You are getting there. If v is an eigenvector then c*v (where c is a number) is also an eigenvector for the same eigenvalue, right? So v and c*v aren't really 'different' eigenvectors (they are linearly dependent). What does that say about your two 'different' eigenvectors for eigenvalue -1?

 

[Dick]

BTW, untrue that an asymmetric matrix 'obviously' has only one eigenvalue. While you are practicing try [[0,1],[4,0]].

 

[Sojourner01]

I was under the impression that there was *always* (no exceptions) a one-to-one correspondence between eigenvalues and eigenvectors. It would follow that if there is only one extant eigenvalue for some particular matrix, it only has one eigenvector. We're given the 'lemma' (I believe that's the correct usage of the term) that a complete set of eigenvectors always has n members, where n is the dimension of the matrix being considered - so I'd take this as being sufficient as a 'proof'.

 

[cristo]

A complete set of eigenvectors always has n linearly independent members. However, this is not a proof that to each eigenvalue there exists one and only one eigenvector. Consider the equation for an eigenvector:$$A\bold{x}=\lambda \bold{x}$$. Now, clearly $c\bold{x}$ where c is in |R, is an eigenvector also. Thus, to each eigenvalue, there exist infinitely many eigenvectors (corresponding to the mulitiplication by a constant).

 

[HallsofIvy]

A "complete set of eigenvectors", for a linear transformation A, is a basis for the vector space consisting of eigenvectors of A. If A is written as a matrix in terms of that basis, it is diagonal with its eigenvalues on the main diagonal and 0s elsewhere.

 

[Sojourner01]

This is beyond the rigorousness of this assignment, as far as I can see.

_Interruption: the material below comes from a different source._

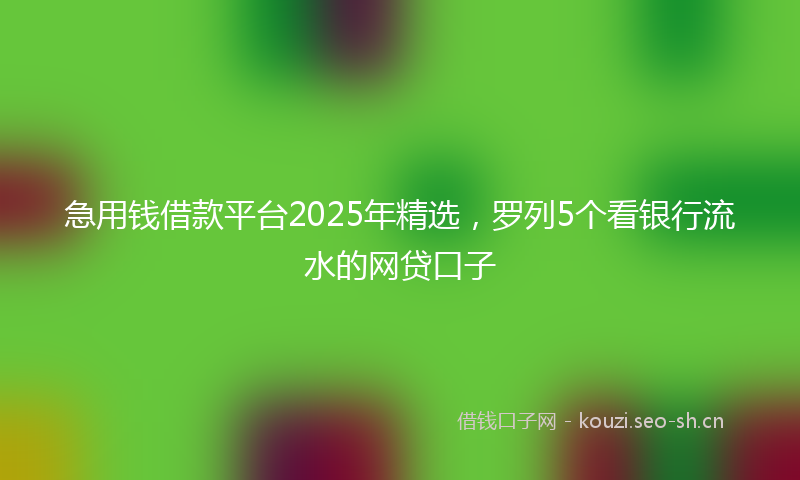 急用钱借款平台2025年精选，罗列5个看银行流水的网贷口子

However, this is not a proof that to each eigenvalue there exists one and only one eigenvector. Consider the equation for an eigenvector: [...] where c is in |R, is an eigenvector also. Thus, to each eigenvalue, there exist infinitely many eigenvectors (corresponding to the mulitiplication by a constant).

This is clear; but since it's already been said that:

So v and c*v aren't really 'different' eigenvectors (they are linearly dependent).

...Is it true that each eigenvalue will only have one of these sets of eigenvectors i.e. a group of infinitely many, as cristo described, all of the form (real number) * (some matrix) ? That is, each eigenvalue will not correspond to more than one linearly independent eigenvector?

I'm basically trying to satisfy the question asked: "prove that these do not form a complete set" without invoking the messy column vector proof I stated in my first post. Is the assertion above sufficient to do that for a fairly lenient marker unconcerned with the mathematical ins and outs?

 

[cristo]

That is, each eigenvalue will not correspond to more than one linearly independent eigenvector?

That's correct.

I'm basically trying to satisfy the question asked: "prove that these do not form a complete set" without invoking the messy column vector proof I stated in my first post. Is the assertion above sufficient to do that for a fairly lenient marker unconcerned with the mathematical ins and outs?

Take your set of evectors to be one evector corresponding to each evalue. Then, to show that the set is not complete, find an arbitrary vector that cannot be expressed as linear combination of these evectors. (i.e. show that this set of linearly independent evectors does not form a basis for the vector space).

 

[Sojourner01]

Aha. when you explain it like that, it becomes blindingly obvious what the equation is trying to express. I'm imagining it as showing that the unsymmetric matrix doesn't define a full coordinate system for its vectors to exist in and thus is not 'complete'. Is this a reasonable ontology for the situatin, or am I somewhat off the mark?

 

[Dick]

Sort of. If you are not too fussy about the use of words like 'coordinate system'. The matrix has a characteristic equation having 0 as a double root indicating that there might be two independent evectors associated with it. In fact there is only one. So the eigenvectors don't span the whole space.